WHAT THIS TASK INVOLVES: Please repeat, exactly and without pictures, the lines of the entries below that run from the one containing "4G SIM Card" through the one containing "cantabil-dark-olive-regular-fit-self-design-sweater".

[Extracted records]
□ □ □ □ □

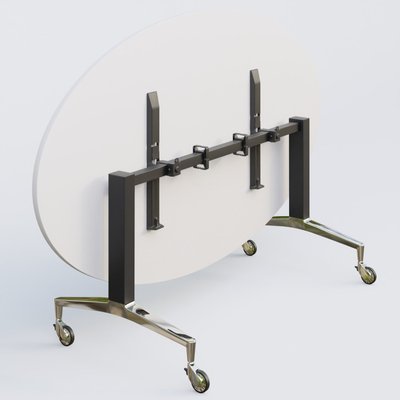 [Pas de famille] - [Pas de sous famille] - Table ovale de la gamme LEM 200-110 cm. Plateau Blanc et pietement Noir/Chrome.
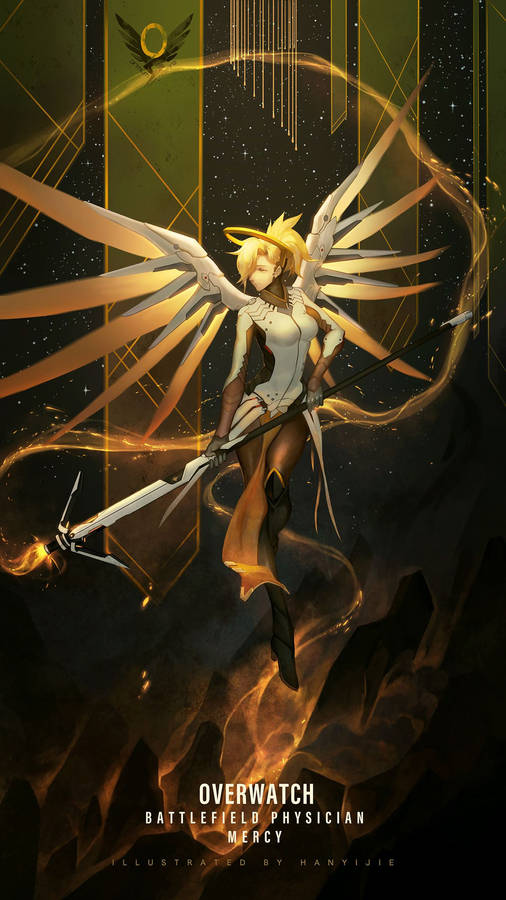 Serene Mercy Angel In The Heavens Wallpaper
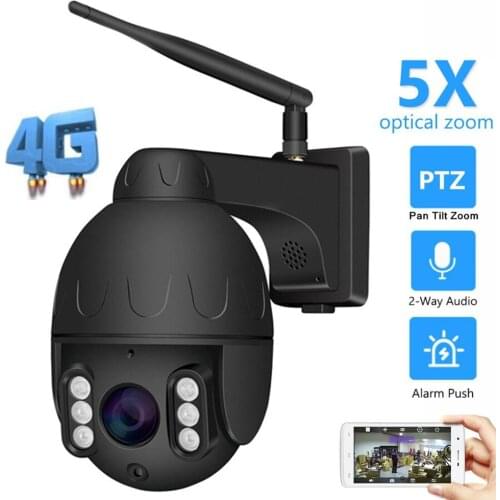 4G SIM Card IP Camera 1080P 5MP HD 2MP PTZ Dome IP Camera Outdoor Waterproof 5X Zoom Two Way Audio Mic Security Camera P2P Camhi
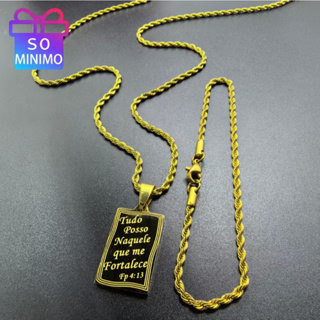 Corrente Masculina e Feminina Aço Inoxidável 316L Prata/Dourado Colar com Pingente Placa Tudo Posso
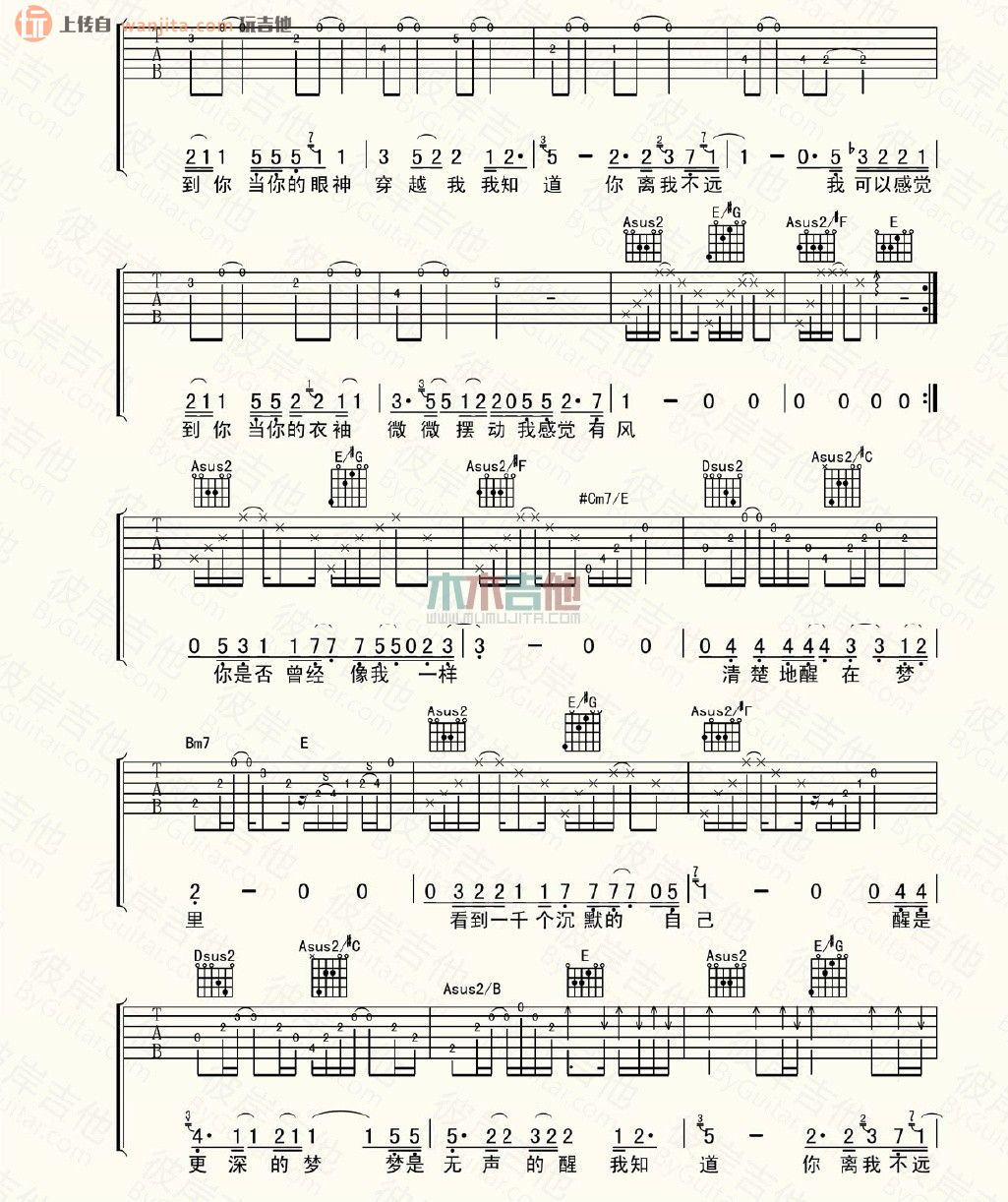 《我知道你离我不远吉他谱》_陈楚生_未知调_吉他图片谱2张 图2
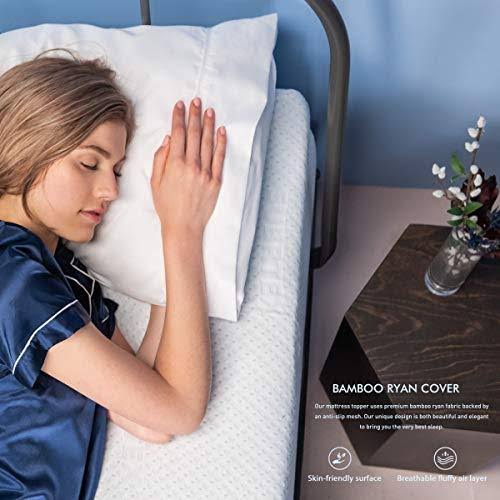 Gel-Infused Memory Foam Mattress Topper with Bamboo Cover O41829
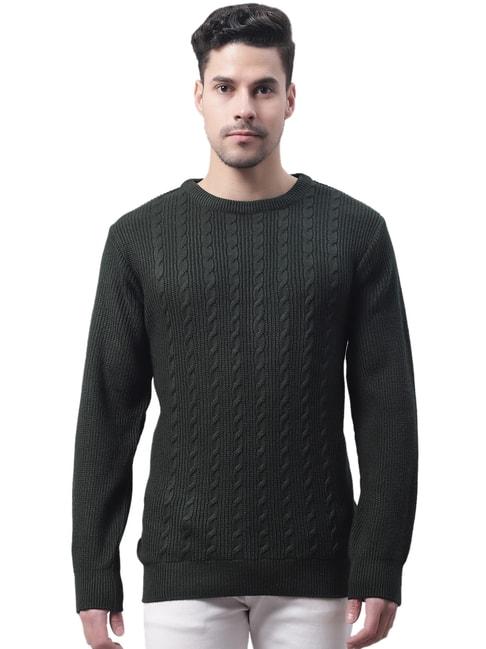 cantabil-dark-olive-regular-fit-self-design-sweater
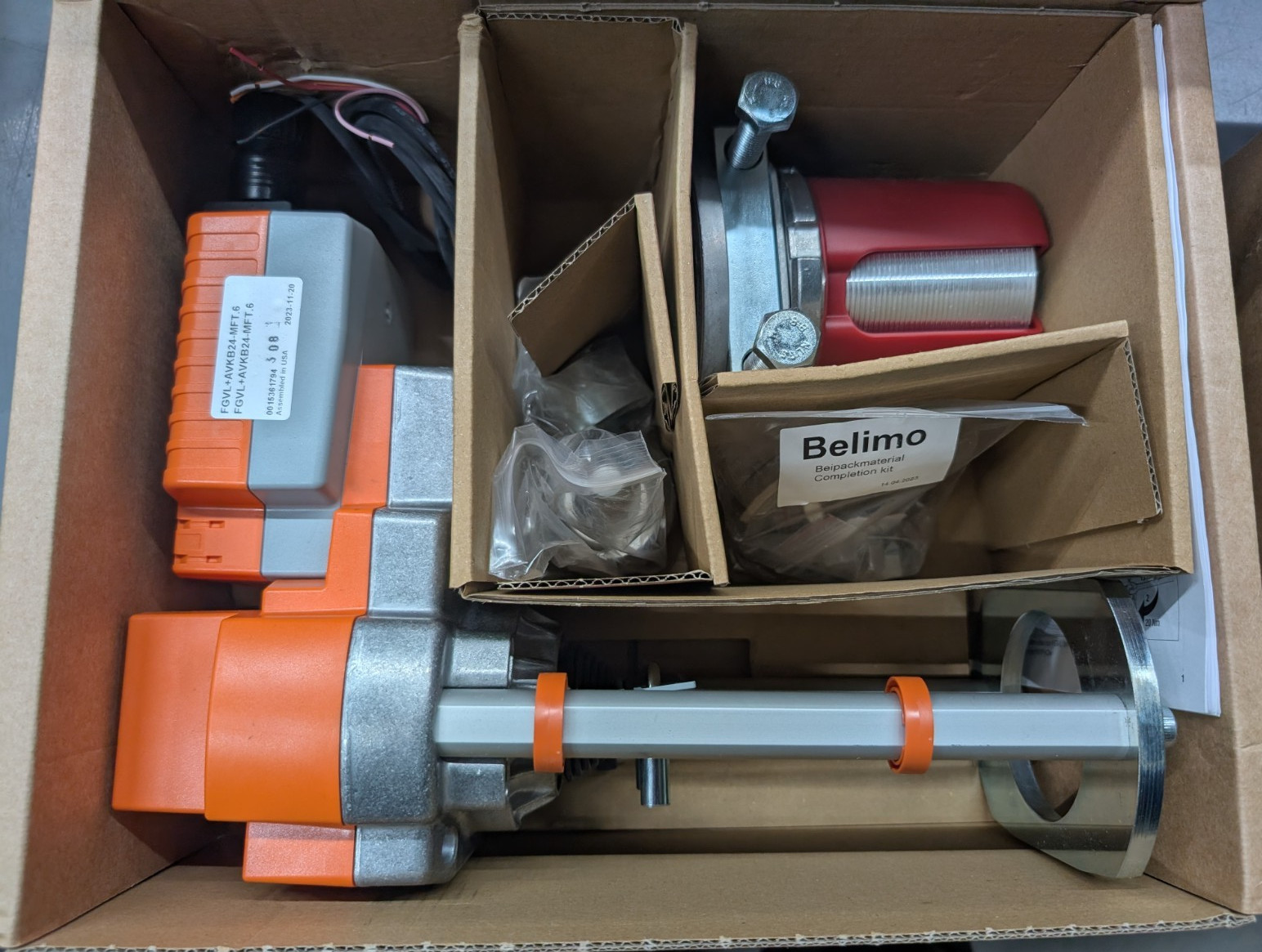 Belimo FGVL+AVKB24-MFT.6 Flanged Globe Valve Linkage Actuator Fail-Safe 24V NIB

□ □ □ □ □

ANSWER TO THE PROBLEM:
 4G SIM Card IP Camera 1080P 5MP HD 2MP PTZ Dome IP Camera Outdoor Waterproof 5X Zoom Two Way Audio Mic Security Camera P2P Camhi
 Corrente Masculina e Feminina Aço Inoxidável 316L Prata/Dourado Colar com Pingente Placa Tudo Posso
 《我知道你离我不远吉他谱》_陈楚生_未知调_吉他图片谱2张 图2
 Gel-Infused Memory Foam Mattress Topper with Bamboo Cover O41829
 cantabil-dark-olive-regular-fit-self-design-sweater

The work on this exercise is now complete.